在哥白尼、第谷、开普勒和伽利略工作的基础上,牛顿对科学方法的威力给出了最后的证明。这一新的自然观在当时引起了一连串后果。17世纪的科学家不仅纠正了古人对于物理界的歪曲理解,而且有些人——最著名的是英国生理学家哈维——还运用新方法发现了人体的内部机制。当科学家过于严格地把“牛顿式的”和“机械论的”解释用于人体生理学时,生物学的进展偶尔也出现失误,但是18世纪思想家明白,运用科学的观察和实验方法有可能成功地回答许多难以回答的问题。从古代思想家的著作或者宗教权威那不变的世界中寻求解答的做法,再也不会出现了。
理性和社会
新视角把18世纪的思想家从古希腊理论的权威下解放出来,这些理论从来也没有用实验或观察检验过。这些思想家认识到,要获得关于世界的知识,必须通过主动、好奇和训练有素的心智活动,同时把理性的思维、观察和实验运用于各种问题,而不是被动地面对希腊和拉丁文手稿以及那些毫无生气的学者。
杰弗逊考察了18世纪流行的许多思想:从个人权利的政治到自由的哲学,从对政府如何维持平衡的关切到个人参加科学过程,以及相信人类寻求进步的能力。在这一新的“启蒙”观中,有没有宗教的地位呢?牛顿本人也被这个问题困惑过。作为虔诚的宗教徒,牛顿从未放弃对上帝的信仰。事实上,他相信偶尔也需要上帝干预,以保证太阳系的运转具有类似于机器那般的精确。最后他得出结论,宇宙奇异的构造和机制,如同钟表般精确,显示了创世主的宏伟力量和最高权威。18世纪数学分析发现,太阳系保持稳定不需要上帝的干预,于是在这之后,许多人放弃了宗教信仰而转向自然神论,后者是一种以理性为基础的自然宗教。自然神论者中还包括富兰克林和杰弗逊等,他们认为是上帝创造了世界和一切自然定律,但是,在创造完毕后则使其按照机械规律自行运转。
然而,正如牛顿预见到的那样,这一观点让某些人开始思考,一个钟表式精确的宇宙是否还需要上帝的存在。结果——这一可能性使牛顿感到困惑——有些启蒙运动的思想家变成了无神论者,认为不需要,也不存在任何神灵。
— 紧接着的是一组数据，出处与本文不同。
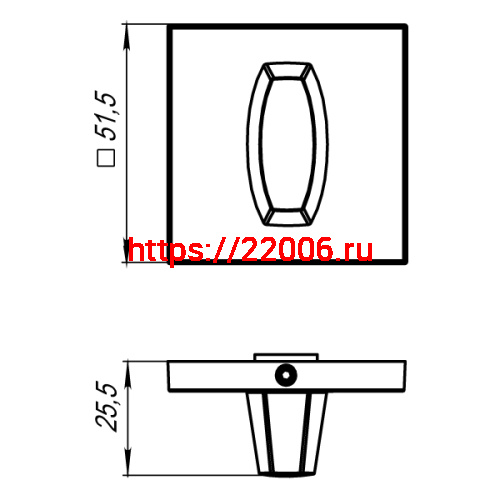 Ручка Armadillo (Армадилло) поворотная BK6.K.USS52 (WC-BOLT BK6 USS) SN-3 матовый никель фото 2 Ручка Armadillo (Армадилло) поворотная BK6.K.USS52 (WC-BOLT BK6 USS) SN-3 матовый никель фото 2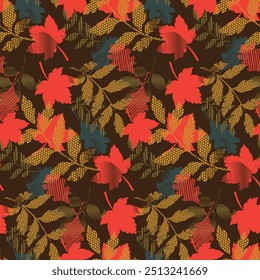 Botanical seamless pattern with geometric shapes mixed with brush strokes texture. Exotic branches and leaves. Floral background made of herbal petals and leaves for fashion, textile and fabric.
尤其是一帮法国哲人,他们努力建立一种道德哲学,它不是以启示宗教,而是以人类伦理思想作为基础。他们中有伏尔泰、狄德罗(Denis Diderot,1713—1784)和孟德斯鸠(Baron de Montesquieu,1689—1755)。这样一来,尽管大多数人仍然是有神论者,保持对上帝的忠诚并且相信传统宗教关于奇迹的说教,但牛顿的遗产也引进了对宗教和哲学基本论点的新怀疑。
理性的胜利也对社会结构和价值提出了新问题。科学家发现自然界有“自然定律”,那么,类似的自然“定律”是否也有可能治理所有道德、社会和政治活动?如果真是这样,许多人相信,只要运用理性思考,那些定律也可以被发现,并且为人类谋利益。有些哲学家希望在新的科学社会政治观中找到人性的位置,他们中有康德,启蒙一词就是他创造的,用来表示这个时代理性的兴起和智力的辉煌,还有休谟(David Hume,1711-1776)、莱布尼兹、伏尔泰、卢梭以及其他人。他们通过大量出版物把科学和哲学的新思想带给广大公众。其中最有影响的是由法国记者、哲学家狄德罗开始编纂的35卷《百科全书,或科学、艺术和贸易系统辞典》(Encyclopedie ou dictionnaire raisonnb des sciences,des arts et des metiers)。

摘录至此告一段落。